Banana (Musa spp.) is one of the most consumed fruit across the world and the most significant fruit in terms of production volume and market. Bananas are grown in over 135 countries and are a staple crop for nearly 400 million people as well as an important source of revenue in many developing economies. But, the banana is now on the edge of extinction as Fusarium wilt, often known as the Panama Disease, poses a great threat to its existence.

The disease was discovered in Australia and has since spread globally. For more than 20 years, it was confined to east and parts of Southeast Asia, but since 2010, the disease has spread to five additional Asian countries (Vietnam, Laos, Myanmar, India, and Pakistan), across the continent in the Middle East (Oman, Jordan, Lebanon, and Israel), Africa (Mozambique), as well as Colombia, marking the strain’s first occurrence in the Americas.

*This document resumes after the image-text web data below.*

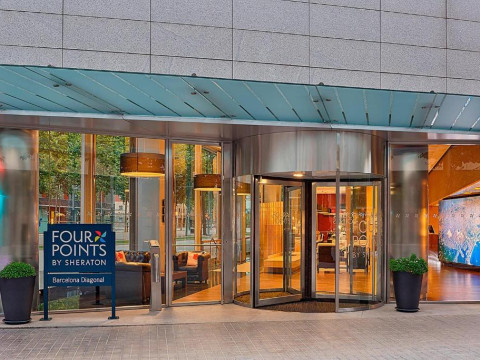 Four Points by Sheraton Barcelona Diagonal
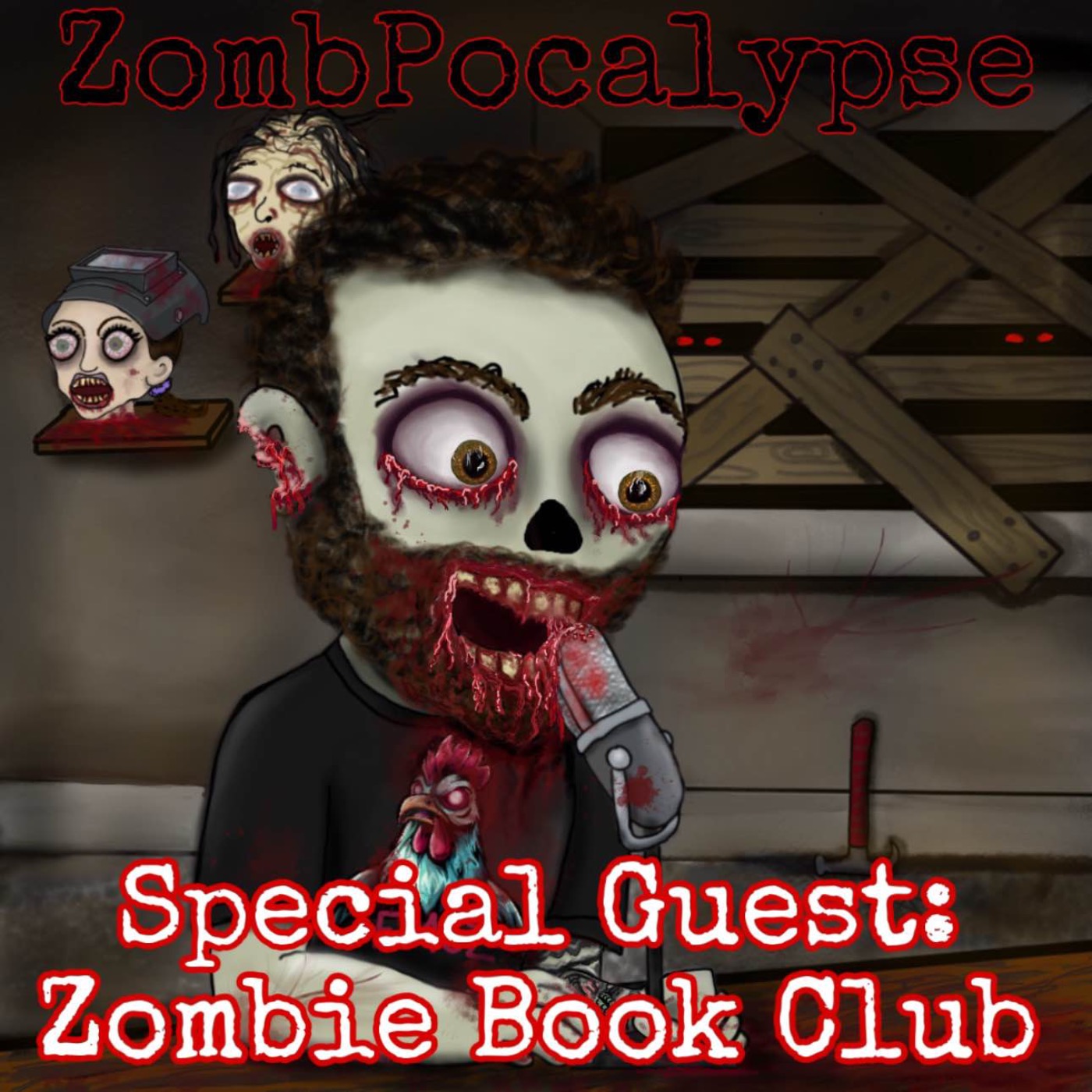 ZombPocalypse Podcast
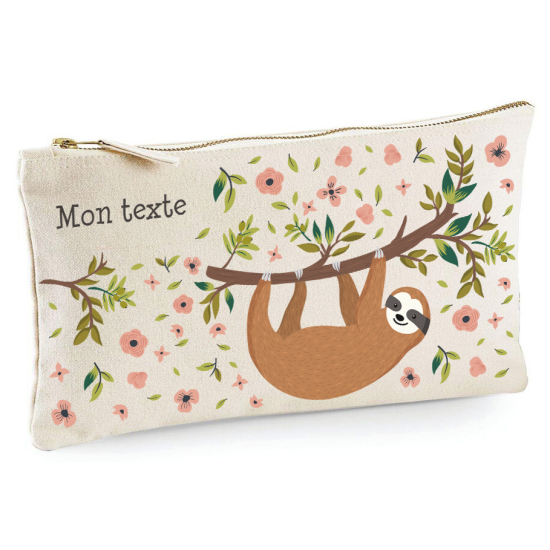 Astuccio personalizzato - Pigro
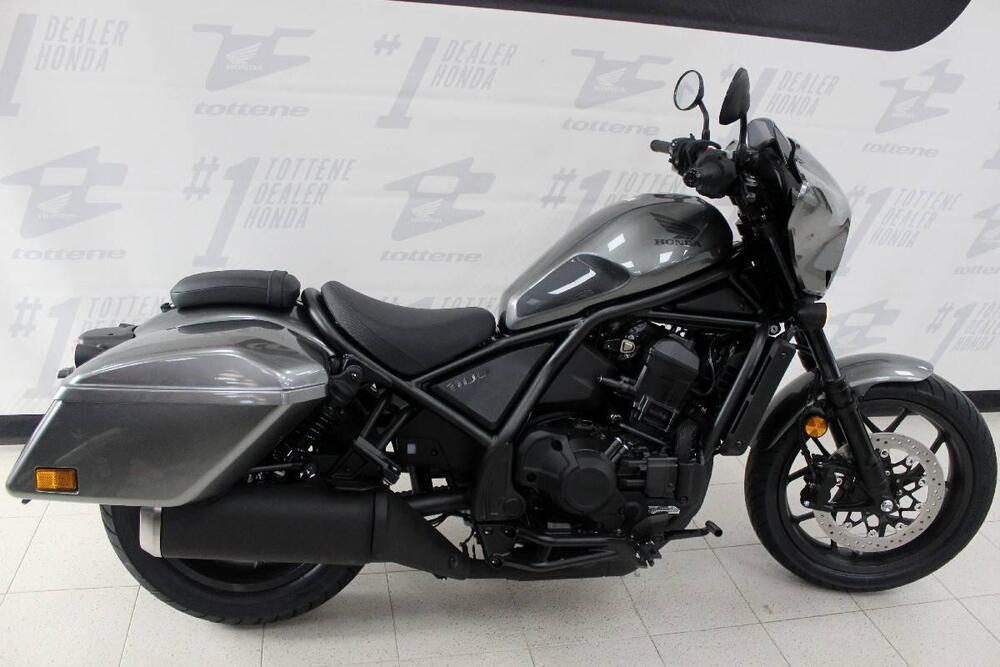 Honda CMX 1100 Rebel T DCT (2025 - 26) (2)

A similar situation occurred in the 1950s when the crop was ravaged by Panama Disease caused by the spread of a toxic, soil-inhabiting fungus. Banana producers throughout the world were desperate for a solution and turned to the Cavendish. The Cavendish was disease resistant and met other commercial requirements, including the ability to remain green for several weeks after harvest (excellent for shipping), a maximum output rate, and a pleasing appearance in stores. Furthermore, global fruit producers did not have any disease-resistant variety available that could be ready for global exporting quickly.


The Panama Disease is referred to as the Fusarium wilt of banana. It is caused by the fungus Fusarium oxysporum (or fusarium odoratissimum). TR4 is a soil-borne fungal disease. Fusarium fungus infests young roots or root bases, frequently through wounds. The disease spread to the rhizome (root-like stem), then to the rootstock and leaf bases.

Spread happens via vascular bundles, which become brown or dark red before becoming purple or black. The tips of older leaves become yellow. Within a few months, all except the youngest leaves turn yellow, wilt, collapse, and droop, covering the stalk with dead brown leaves. Although new shoots may grow at the base, all aboveground sections are eventually killed. These ultimate wilts and the plant dies, generally within a few years.

Panama TR4 is easily transmitted through humans, vehicles, machinery, animals, as well as the movement of infected banana plants, planting material, contaminated soil, and water. The Fusarium fungus gradually multiplies in the surrounding soil, although not unsafe for humans it prevents future plantings from thriving. The symptoms can only be seen externally after the disease has progressed. Therefore there is no practical way to detect the disease in banana plants until external symptoms are showing. There are no known fungicides that are effective against TR4 yet. Implementation of on-farm biosecurity and hygiene procedures, such as farm zoning to restrict movement into (and within) banana plantations, and the use of disinfectants in footbaths, as well as the cleaning of all equipment – workers, vehicles, machinery, and use of sterile planting material, are some of the biocontrol measures taken to reduce the spread of Fusarium wilt.


Panama disease became one of the first banana diseases to spread globally. It has returned, and there is no replacement banana as the Cavendish is no longer resistant. Despite Australia’s large presence of Fusarium wilt (145 years), the only effective approach of addressing the disease remains exclusion or early quarantine. A better knowledge of TR4 epidemiology and pathology is essential to protect current Cavendish plantings until viable resistant cultivars become available.

The banana’s triploid structure adds an undesired complexity of reproducing asexually. Because bananas of the same kind are genetically similar, if one tree in a plantation becomes infected, all of the other plants in the plantation are also vulnerable. This means that Panama disease could easily sweep over huge areas of susceptible host plants. Across many places, all of the trees were destroyed. Crossing domesticated bananas yields no seed, making this a poor choice. Genetic engineering can result in the generation of novel variants at a faster rate than traditional breeding procedures. This is a possible solution because there are over 1500 types of bananas and a variety of transgenes have been investigated, but only short-term results have been recorded.

Australian researchers discovered that introducing two separate genes to the genetic coding of Cavendish bananas protects the plants from TR4 but being a genetically modified (GM) crop, it might be a major barrier to its general adoption.


GCTCV-119 HR Northern Mozambique
Inkira R Guangzhou, China
CAM-020 R University of Queensland, Australia 
FHIA-02 R DAFF, Australia

This table shows the varieties of Banana Germplasm which have different levels of resistance to TR4. (HR- Highly resistant; R- Resistant)

Existing disease-resistant varieties are yet to make inroads into the international market, but The Honduras Foundation for Agricultural Research (FHIA) has spent more than three years working on developing a disease-resistant variety that is as close to the Cavendish as possible so that the world’s banana infrastructure does not have to be reshaped from the ground up. Nonetheless, this is a process that might take 15 to 20 years. Given the value of revenue coming from consumption and exporting the Cavendish, greater losses than the Gros Michel era (1950) are being suffered and are estimated to increase. A disease-resistant transgenic variety that will be accepted by the consumer is a critical need.